The scaling limit of the root component in the Wired Minimal Spanning Forest of the Poisson Weighted Infinite Tree

TL;DR

This paper establishes a scaling limit for the root component of the Wired Minimal Spanning Forest on the Poisson-Weighted Infinite Tree, revealing how it converges to a structure formed by Brownian trees through specific gluing procedures.

Contribution

It introduces a novel scaling limit for the root component of the WMSF on the PWIT, connecting it to Brownian tree aggregation and chain constructions.

Findings

The root component converges to a limit described by Brownian trees.

The limit involves two types of gluing procedures: Brownian tree aggregation and chain construction.

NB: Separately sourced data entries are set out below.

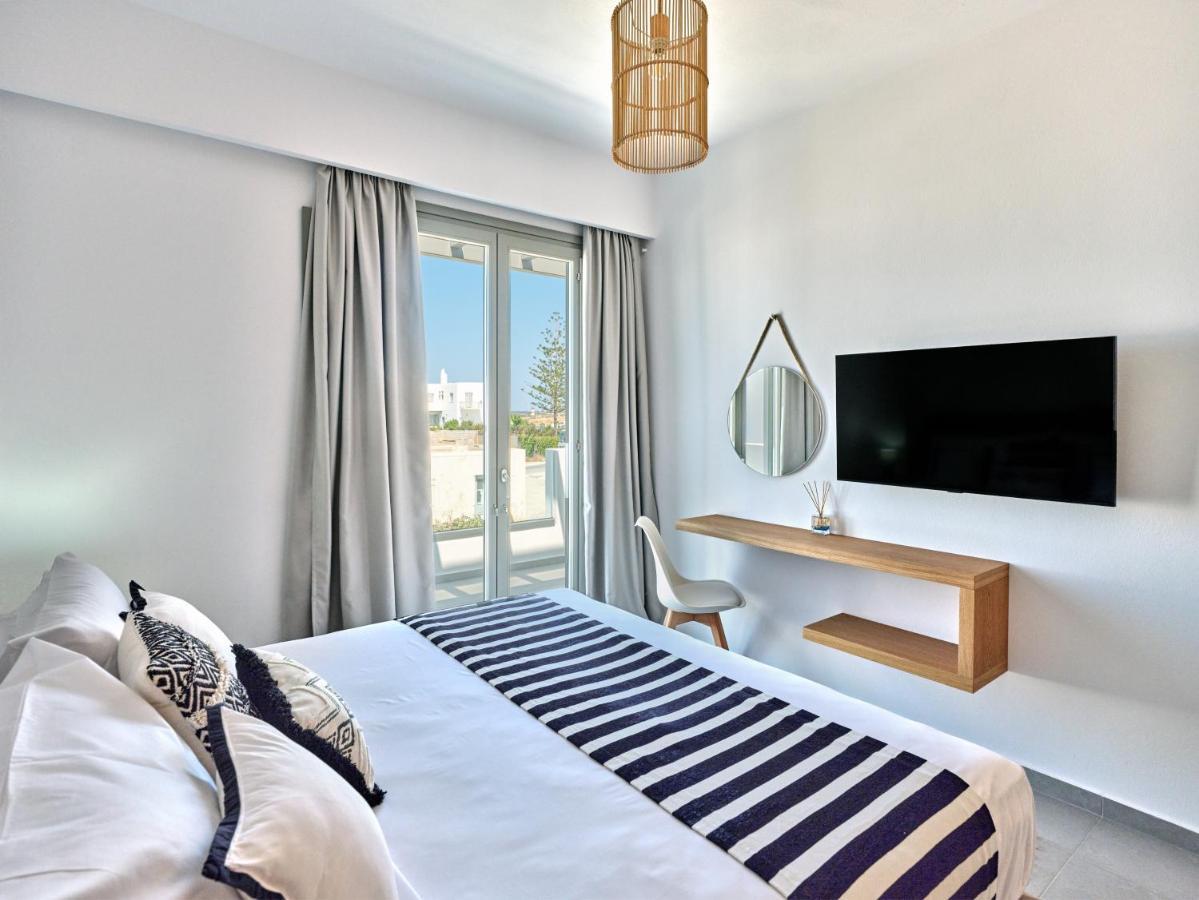 Paros Gem Διαμέρισμα Νάουσα Εξωτερικό φωτογραφία
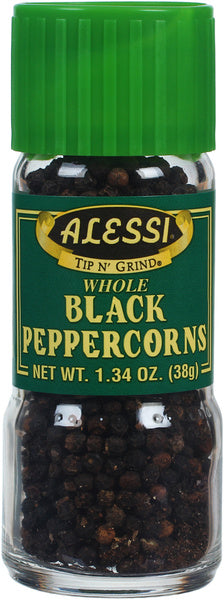 6-PACK OF SPICE PEPPER BLK GRNDR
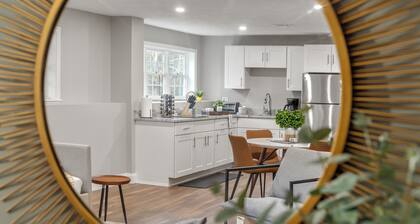 Cozy Chic Countryside Haven - Sleeps 4 , Firepit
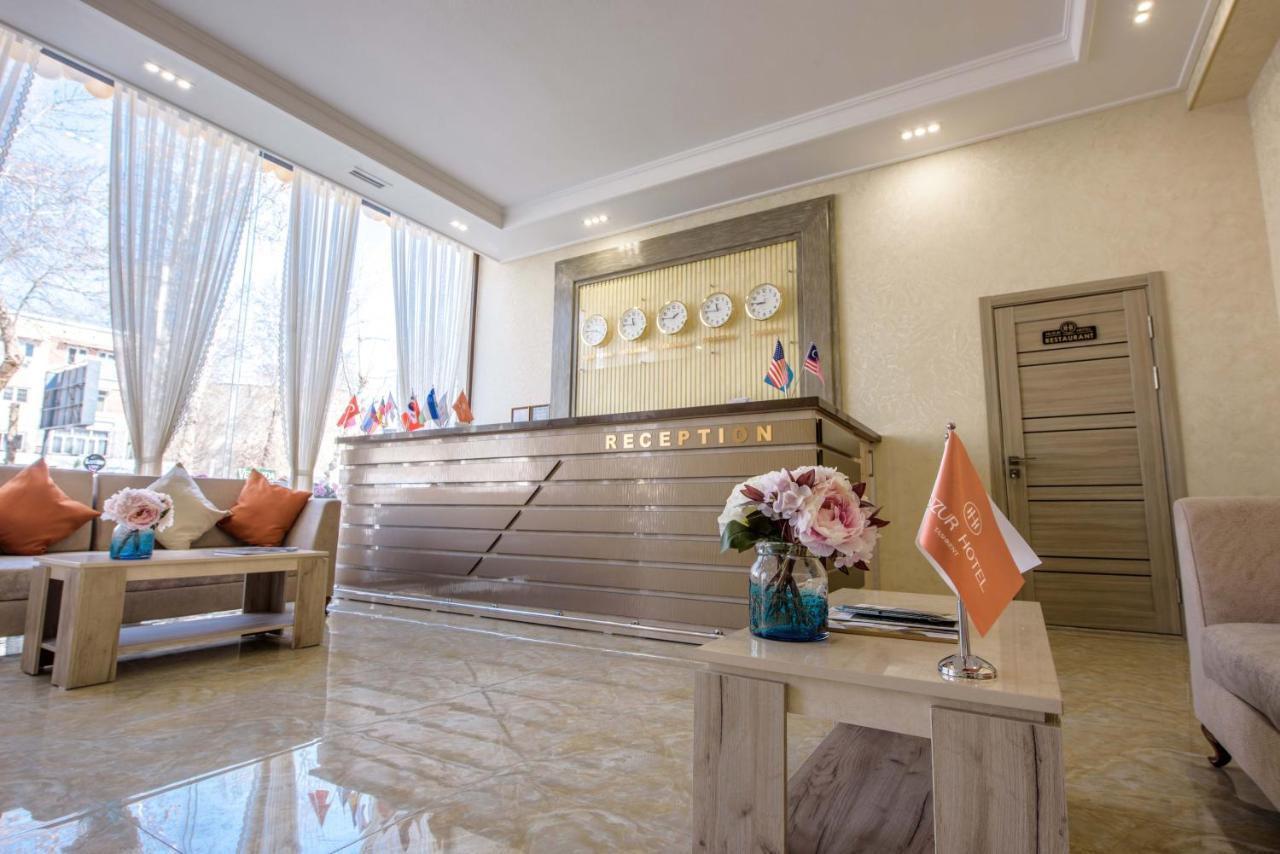 Huzur Hotel 塔什干 外观 照片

Provides a new perspective on the structure of minimal spanning forests in infinite graphs.

Abstract

In this paper we prove a scaling limit result for the component of the root in the Wired Minimal Spanning Forest (WMSF) of the Poisson-Weighted Infinite Tree (PWIT), where the latter tree arises as the local weak limit of the Minimal Spanning Tree (MST) on the complete graph endowed with i.i.d. weights on its edges. The limiting object can be obtained by aggregating independent Brownian trees using two types of gluing procedures: one that we call the Brownian tree aggregation process and resembles the so-called stick-breaking construction of the Brownian tree; and another one that we call the chain construction, which simply corresponds to gluing a sequence of metric spaces along a line.